The biplots in Fig. 8 correspond to dictionary PCA and similarly show the magnitude and sign of each dictionary element’s contribution to the largest two principal components. The figure axes are kept identical to the respective axes in Fig. 7 to facilitate comparison of the LAPP versus non-LAPP case. A visual analysis of the biplots indicates that the two dictionary learning methods seem to capture the training data information in different ways, as evidenced both by the different shape of the radial dependence of dictionary samples with respect to the first two principal components (i.e., relative lengths of the vectors), as well as by the respective distribution of the scores. A more direct comparison of actual vector lengths in the biplots is difficult, largely due to the matrix-specific PCA variable scaling. In the LAPP data case, Hebbian learning appears to lead to dictionary elements more similar to the training data, whereas in the non-LAPP case, the K-SVD dictionary appears more similar to the training set. This can possibly be explained by considering (a) the respective degree of similarity in the two training datasets (i.e., LAPP events are highly repeatable or self-similar, whereas the non-LAPP lightning events are very different one from another) and (b) the type of dictionary updates over the training set (i.e., sequential, or with “short memory” in the Hebbian case versus aggregated, or with global memory in the K-SVD case).

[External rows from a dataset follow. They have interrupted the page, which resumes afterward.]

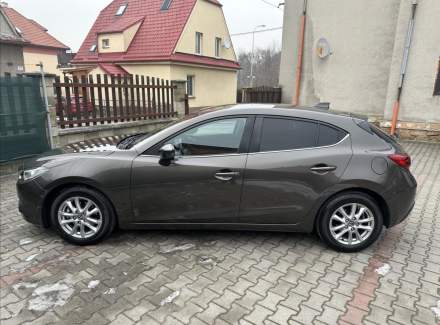 Mazda - 3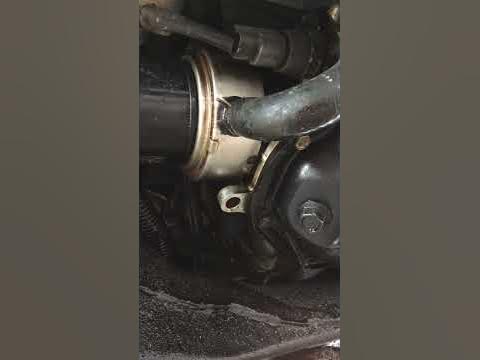 04 G35 oil leak - YouTube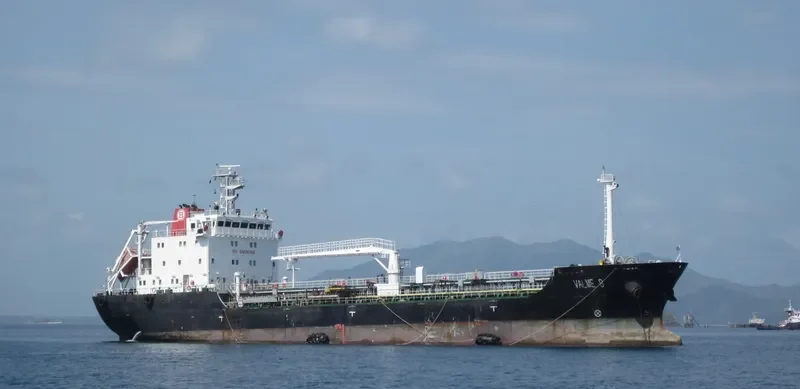 LORENA B Tanker IMO 9438212 photo 9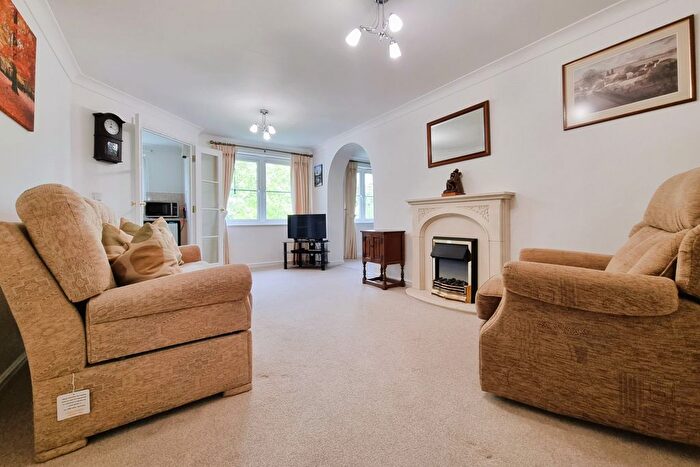 1 Bedroom Flat For Sale In Havant Road, Cosham, Portsmouth, PO6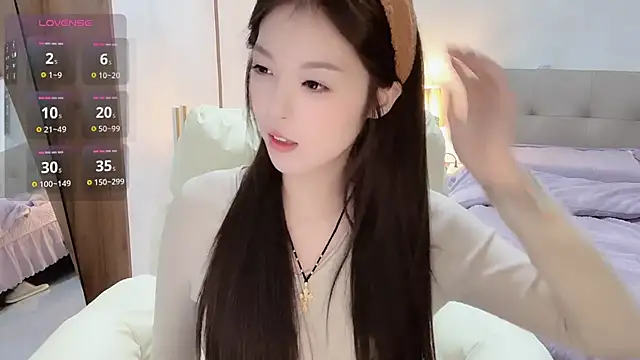 Snapshot of T-LL77- chatting on November 2025 04:07:01 PM T-LL77- online show from November 2025 04:07:01 PM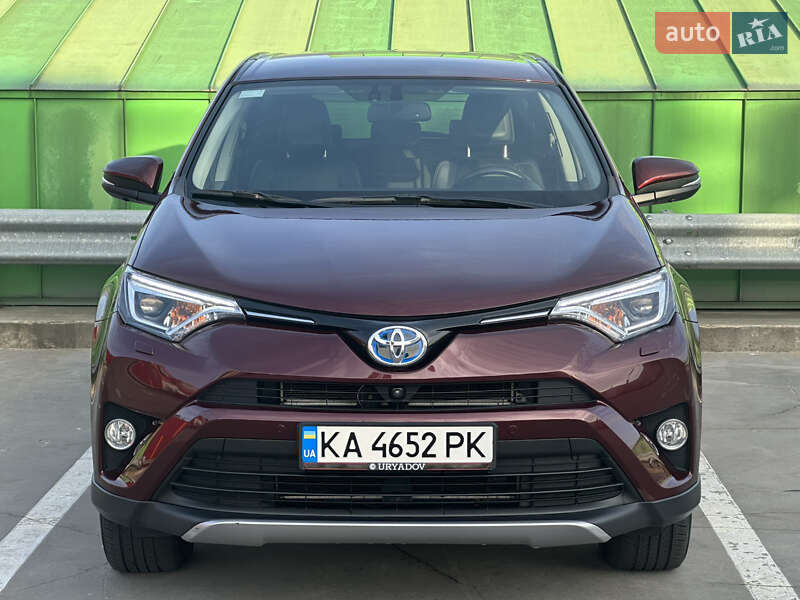 Внедорожник / Кроссовер Toyota RAV4 2017 в Киеве
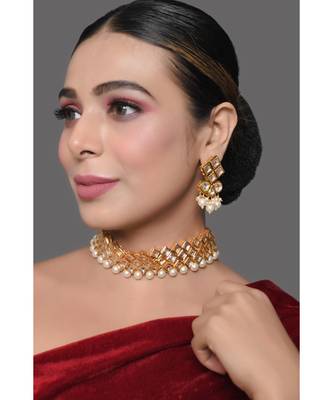 Pearl Beaded Kundan Choker With Matching Earrings 1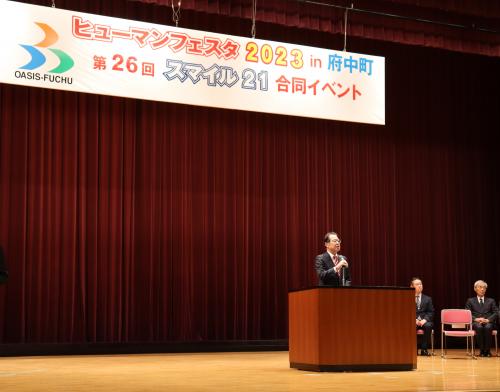 挨拶する佐藤町長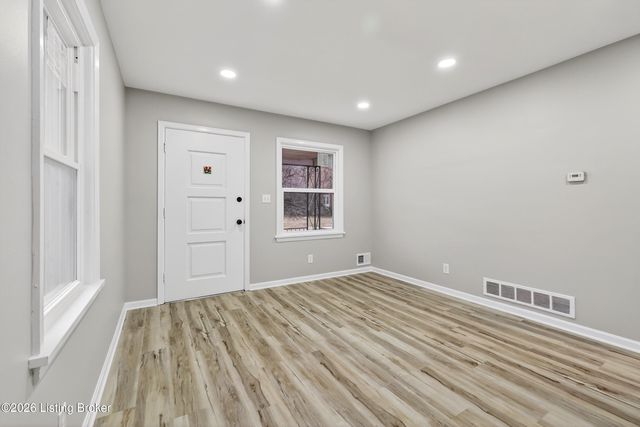 3665 Wheeler Ave, Louisville, KY 40215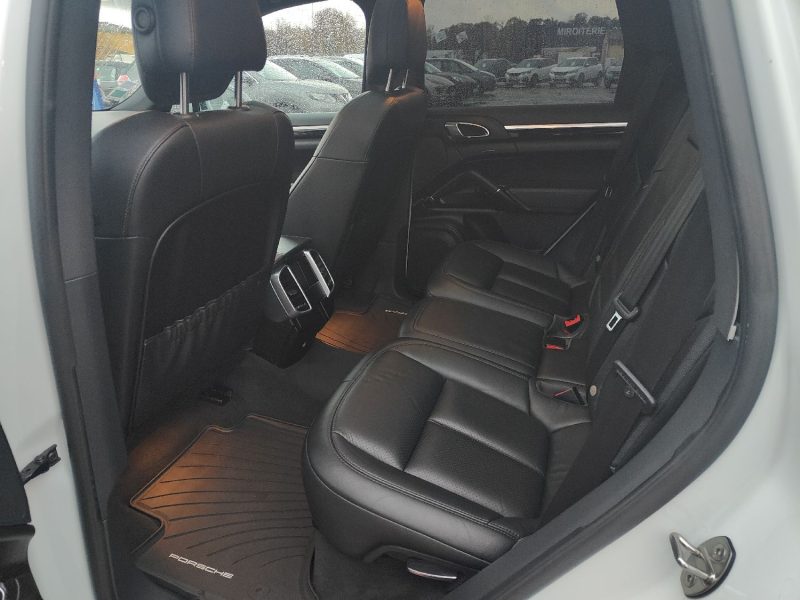 PORSCHE CAYENNE 3.0 Diesel 262cv TO + ATTELAGE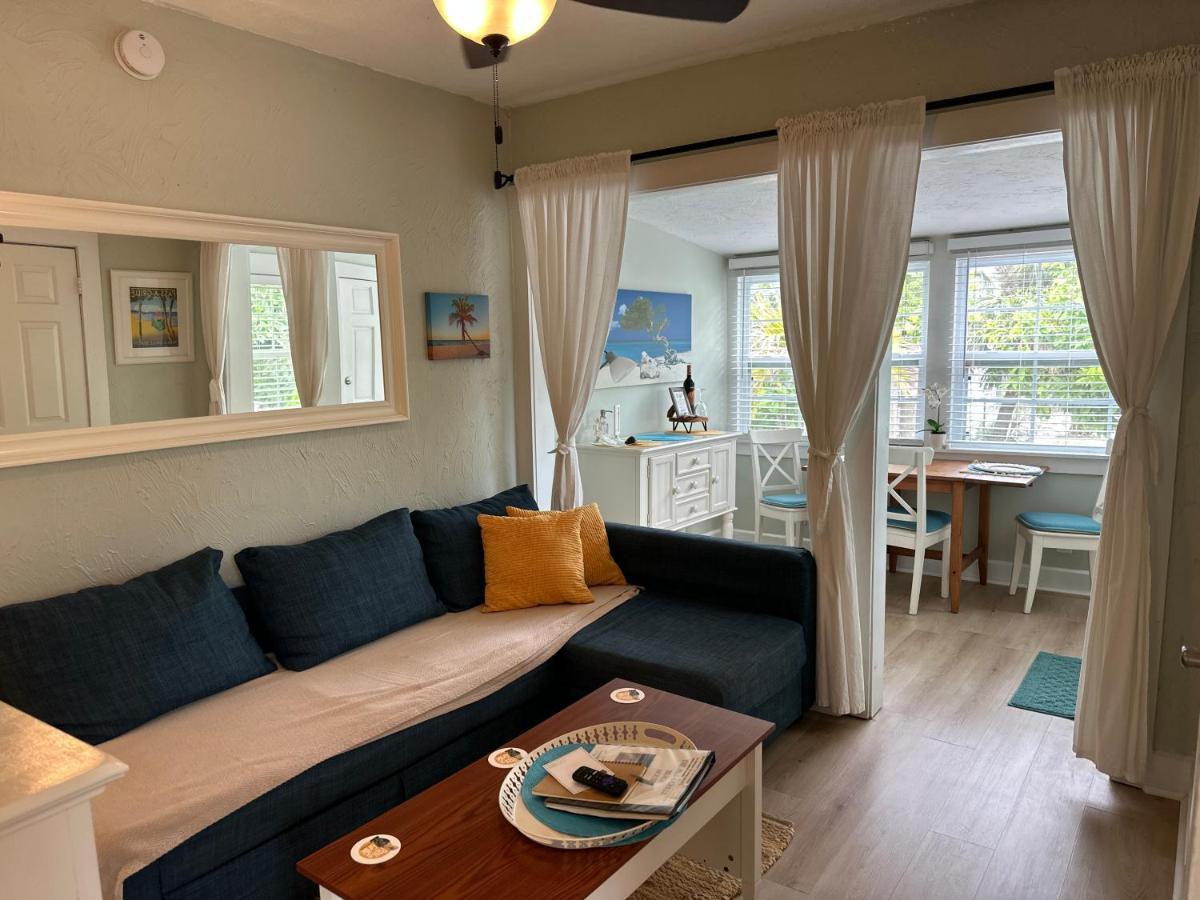 Pag Beachhouse Rentals St. Pete Beach Exteriör bild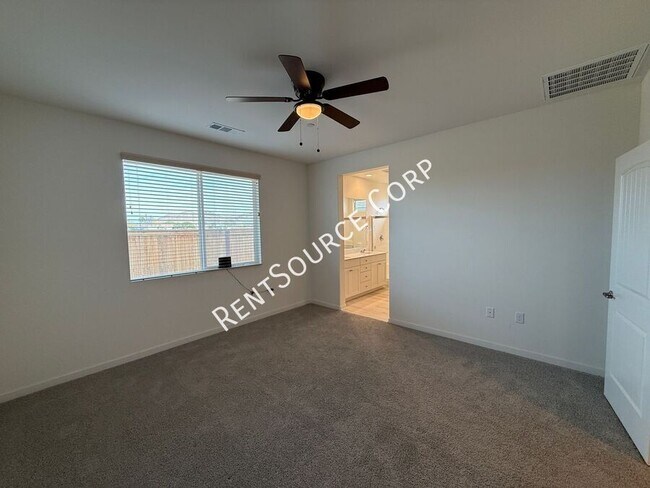 Building Photo - 3717 Santa Monica Ct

The PCA indicates that there is a high degree of variability present in both LAPP and non-LAPP training data sets, as expected, and the underlying data spaces may be quite large in dimensionality. Compounded with the analysis of the learned dictionaries, it suggests that larger dictionary sizes might be needed for time-domain analysis than those studied in this paper to adequately capture the variability in the training data space.

## 6.

## Conclusion

This paper extends two established dictionary learning techniques to satellite RF lightning classification using FORTE recordings. We highlight the many challenges offered by this real RF dataset and present preliminary comparative results for a reduced set of dictionary learning parameters and data preprocessing options. We apply domain expertise to extract adequately sized labeled training sets to learn dictionaries specific to individual RF event classes. We use a two-class scenario designed to distinguish between LAPP shots and real lightning events, suggesting that event-specific dictionaries of sufficiently large size could be used for discrimination using a nearest subspace classifier. We evaluate classification performance as a metric to quantitatively compare the two learning methods for our application and illustrate performance improvement using a novel mixed dictionary type approach. We also provide a subjective interpretation of principal component decomposition to help guide the research efforts toward parameters leading to meaningful future learning. While this comparative study did not conclusively establish one method’s superiority compared to the other for the specific problem and data set under consideration, it nonetheless suggests that dictionary learning techniques are suitable for real RF data processing and classification. Additional sensitivity studies of the method parameters would be needed both to improve upon each individual method’s classification performance and to enable further comparison.

## Acknowledgments

This work was sponsored by the Department of Energy / National Nuclear Security Administration.

## References

## Biography

**Daniela I. Moody** is a scientist on the Machine Learning and Data Exploitation Team in LANL’s Data Space Systems Group. She received her PhD in electrical engineering from the University of Maryland, College Park, in 2012 and has been at LANL since 2006. Her current work focuses on developing improved feature extraction algorithms that combine adaptive signal processing with compressive sensing and machine learning techniques.

**Dave A. Smith** is a research and development engineer in the Space and Remote Sensing Group (ISR-2) at Los Alamos National Laboratory. He received his PhD in electrical engineering from the University of Colorado, Boulder, in 1998. He has worked at LANL since 1989. He currently leads a space instrumentation development project.